Figure 5.2. Streetscapes of Myeong-dong. Photo by author. Reprinted by permission from Oh 2017.

Hallyu, Myeong-dong, and Place

A deeper understanding of foreign tourists’ congregation in Myeong-dong calls for a triangular connection among Korean popular culture, the construction of Korean beauty, and Korean budget cosmetics. As Korean popular culture has become the “face” of South Korea, Hallyu constructs a fantasy space for its audience that erects aspirational dreams about Korean beauty. Television dramas not only convey stories, but more important, represent and lead trends in fashion and lifestyle. Since K-pop is recognized more for its visual appeal than musical offerings, the images of K-pop idols also contribute to notions of “Korean beauty ideals.” The idealized Korean look includes “big, sparkly eyes, button nose, delicate, pointed chins, light skin, a V-line facial shape, and S-line body.” It is noteworthy that it is an international rather than domestic audience that has identified such distinctive physical characteristics in Korean celebrities, strengthening the notion of Korean beauty. Although these idealized looks bring to mind Caucasian-looking characters, the actual functioning of the beauty ideals is based on the notion of “racial proximity” (Erni and Chua 2005). Given the predominant presence of East and Southeast Asian audience members/tourists, a sense of Asianness makes them feel closer and related to the K-stars’ physical characteristics (Kim 2007). In contrast to decidedly Western looks, the physical qualities of K-pop idols appear to be something achievable, prompting audience members to take action to reach goals that seem attainable. The prevalence of images of K-stars, who widely appear on television and in commercials, magazines, and music videos, further disseminates beauty standards and facilitates the consumption of notions about Korean beauty. It is now well known that international fans who are eager to emulate Korean celebrities travel to Korea to get plastic surgery.18 With cosmetics use, perceived as an almost indispensable daily necessity among these consumers, using Korean cosmetics has become a way for foreign audience members to easily practice such Hallyu-oriented beauty ideals. In a personal interview in June 2014, a Chinese teenager remarked: “Watching Korean TV dramas, I’ve always thought Korean female actresses have very white and well cared–for skin. Many of my friends and I think it’s because of the quality of Korean cosmetics.”

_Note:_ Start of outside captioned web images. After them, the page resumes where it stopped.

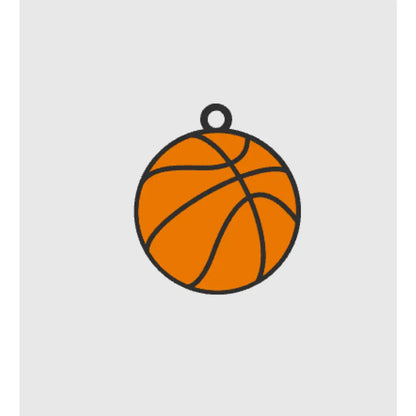 Sports balls keychains - basketball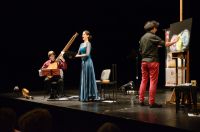 Miloslav Študent – arciloutna, Lucie Rozsnyó – zpěv a Vladimír Kiseljov – živá malba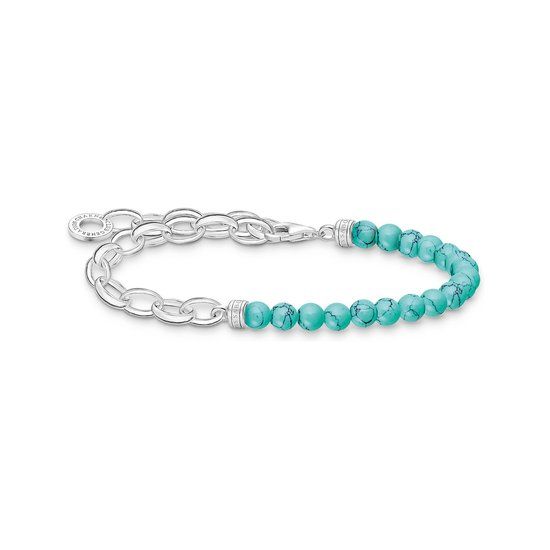 Thomas Sabo Women's Bracelet 925 Silver Turquoise Minimalist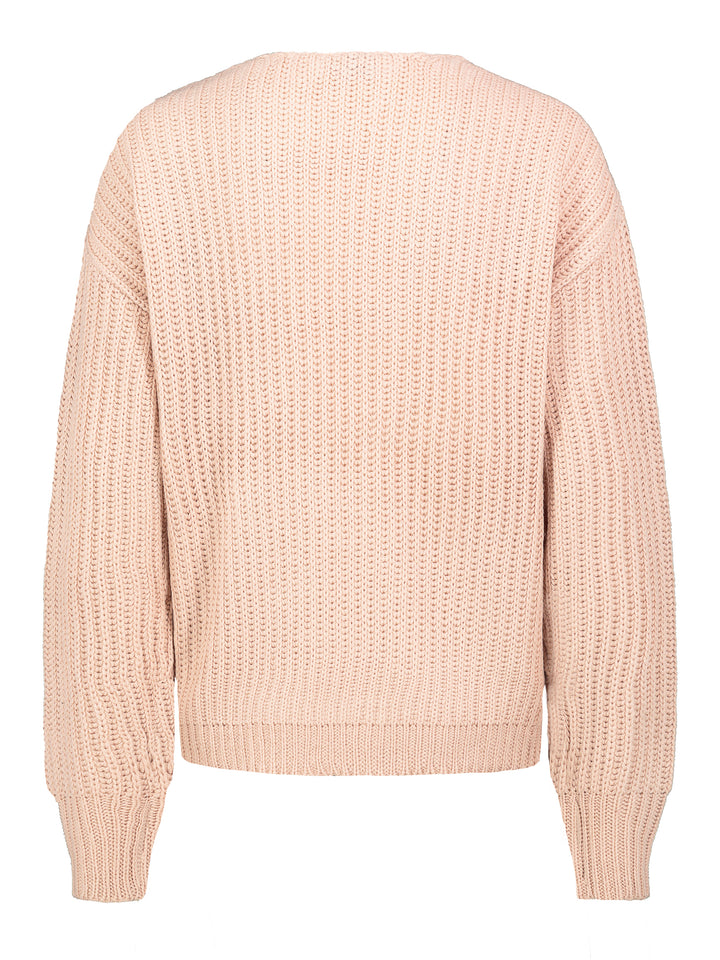 Strickpullover mit V-Ausschnitt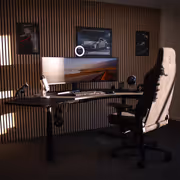 Arozzi Arena Angelo Gaming Desk – Pure Black, Full Microfiber Surface - image 9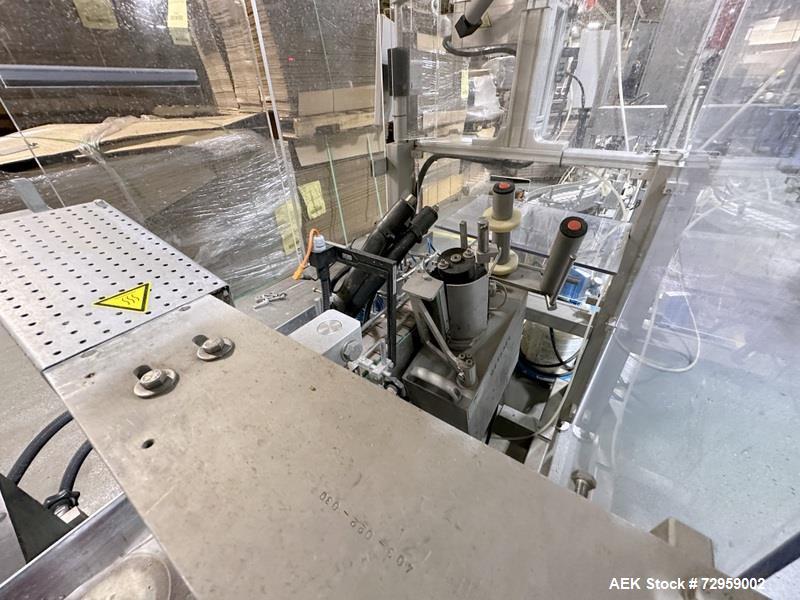 Used Combibloc (Sig) Model 112-32 Aseptic Brick Pack Cartoning Lines. The fillers are capable of running 125 ml, 150 ml, 200 ml or 250 ml cartons (with changeparts). Has Sig Beckhoff HMI with Siemens...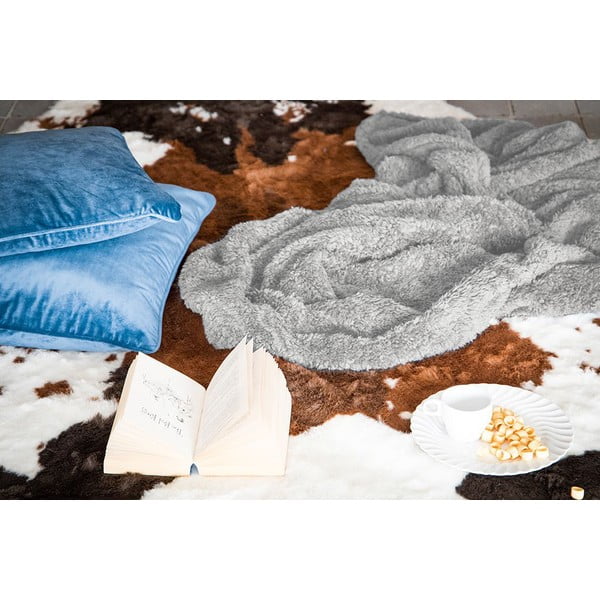 Sivá plyšová deka Tiseco Home Studio Teddy, 130 x 170 cm-image-1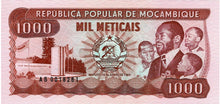 Mozambique P-132a 1000 Meticais 16.06.1988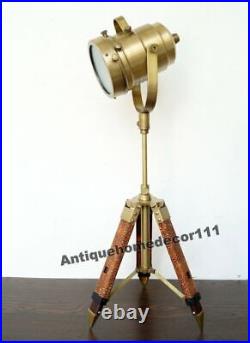 Hollywood Spotlight Searchlight Table LampStudio Home Decorative Leather Tripod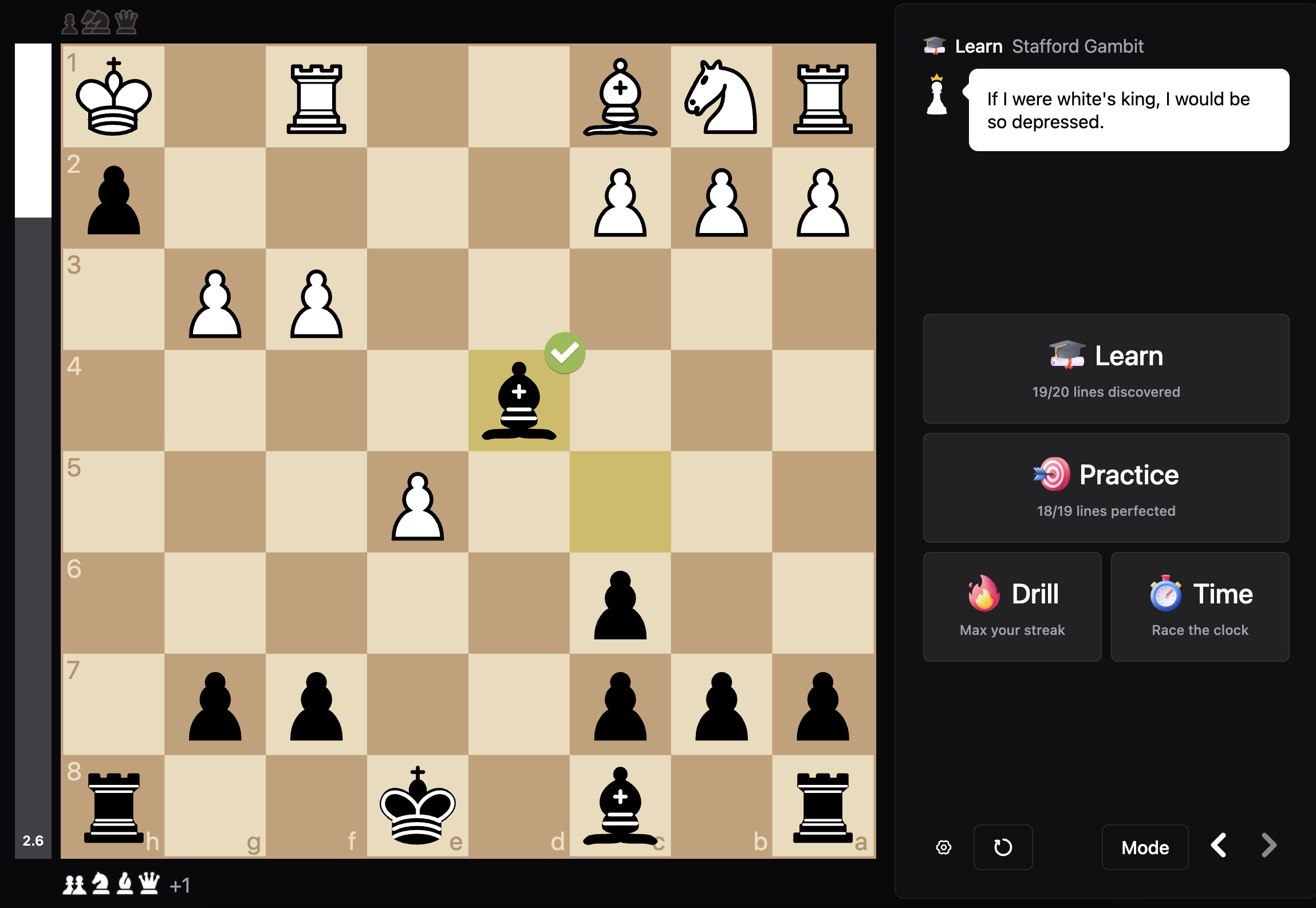 Stafford Gambit Position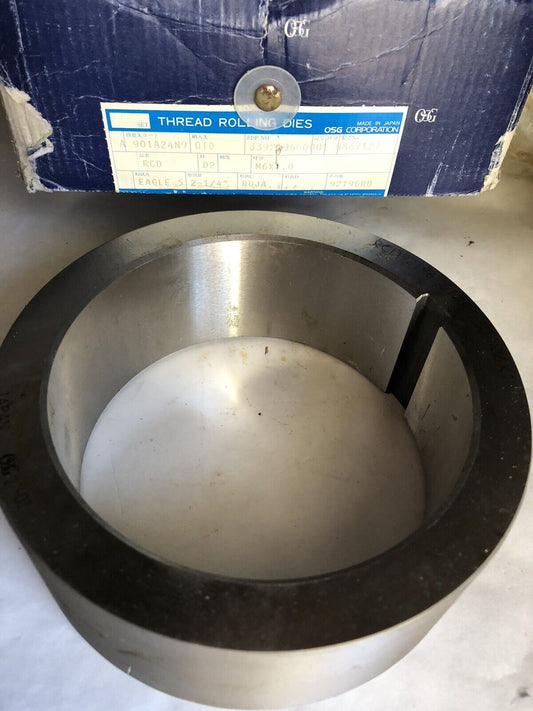 Osg Rcd92196 Eagle Recision Thred Rolling Die M6 X 1.0,5 X 2-1/4" Start-30,Tk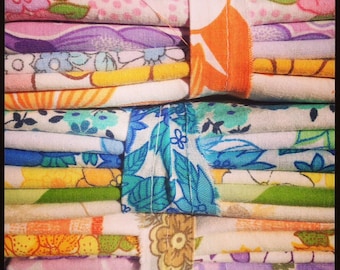 3 Vintage Retro Sheet Fat Quarter (FQ) Packs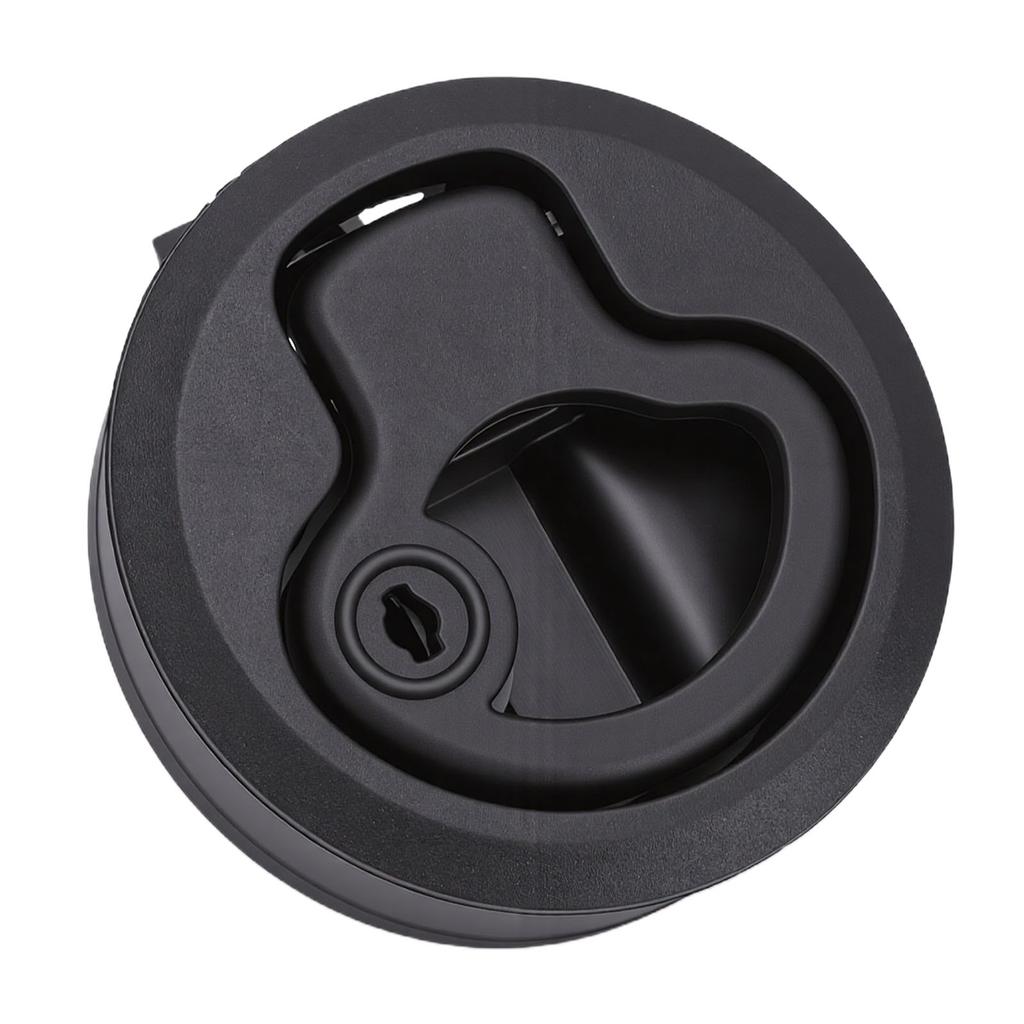 RV Boat Hatch Latch Flush Mount Round Pull Latch Lock with 2 Keys for Marine Camping Vehicle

The budget cosmetics industry has actively utilized the Korean Wave for its market expansion by hiring Hallyu stars, celebrities who are popular in East and Southeast Asia, in building their brand recognition. Actually, THE FACE SHOP, a relative latecomer in the low-end segment, has enjoyed extensive growth in sales by employing Hallyu stars such as Kwon Sang-woo, Bae Yong-jun, Won Bin, and Kim Hyun-jung. When Bae Yong-jun was a model for THE FACE SHOP in 2009, word among both industry marketers and Korean consumers was that Japanese tourists formed a long line simply to enter a store in Myeong-dong. Once when innisfree presented a life-size wax figure of Lee Min-ho, then the brand’s model, it attracted numerous foreign customers who enjoyed taking pictures with it, turning the Myeong-dong retail store into a favored tourist destination. Nature Republic has also engaged Hallyu stars, including Jang Keun-suk and EXO, occasionally holding fan meetings at a road shop in the area. The power of star marketing is proved by the industry’s extraordinary growth. One of my Japanese interviewees confirmed the ramification: “At first, I bought this brand only because my favorite star endorses it. Later, I came to like the quality of the products.”19

Since 2011, when the globalization of K-pop was in full swing, the employment of idol groups and singers has become prominent in marketing affordable cosmetics. What is notable is the rise of male idol stars as endorsers of budget cosmetics: Nickun for It’s Skin, G-Dragon for The SAEM, SHINee for Etude House, Superjunior for Tony Moly, and EXO for Nature Republic. Those male idols are particularly welcomed due to the sheer size of their (international) fandom. The recent rise of Korean “girl groups” has also shaped the advertising schemes of low-end cosmetics marketers. Dismantling the previous market orientation that valued top actresses’ idealized beauty for cosmetics advertisements, the recent budget cosmetics lines emphasize the freshness, youthful energy, and trendy styles of young girls. Because idol group members are so admired by teenagers, hiring them as brand models sells well, especially considering the age segment of the major consumer groups for low-priced lines. Suzy (from Miss A) represents THE FACE SHOP; Krystal from f(x), Etude House; Yoona from Girls’ Generation, innisfree; and Sandara Park from 2NE1, Club Clio.20 Because the critical currency of K-pop idols is their appearance-oriented images, a straightforward connection between the idol’s style and cosmetics as one of the critical elements of beauty has been formed. Lots of international fans have set up blogs and websites to introduce “K-beauty” in association with K-pop idols, posting articles such as “How to Look Like K-Pop Idols,” “Beauty Tips for K-Pop Devotees,” and “K-Pop Star Shares Secrets to Korean Dream Skin.”21 Due to the visually oriented consumption of K-pop idols, when they endorse cosmetics brands, a splendid correlation, beyond mere commercial sponsorship, is forged between idol models and brand products. The Korean cosmetics industry definitely benefits from the style-focused K-pop industry and its global popularity.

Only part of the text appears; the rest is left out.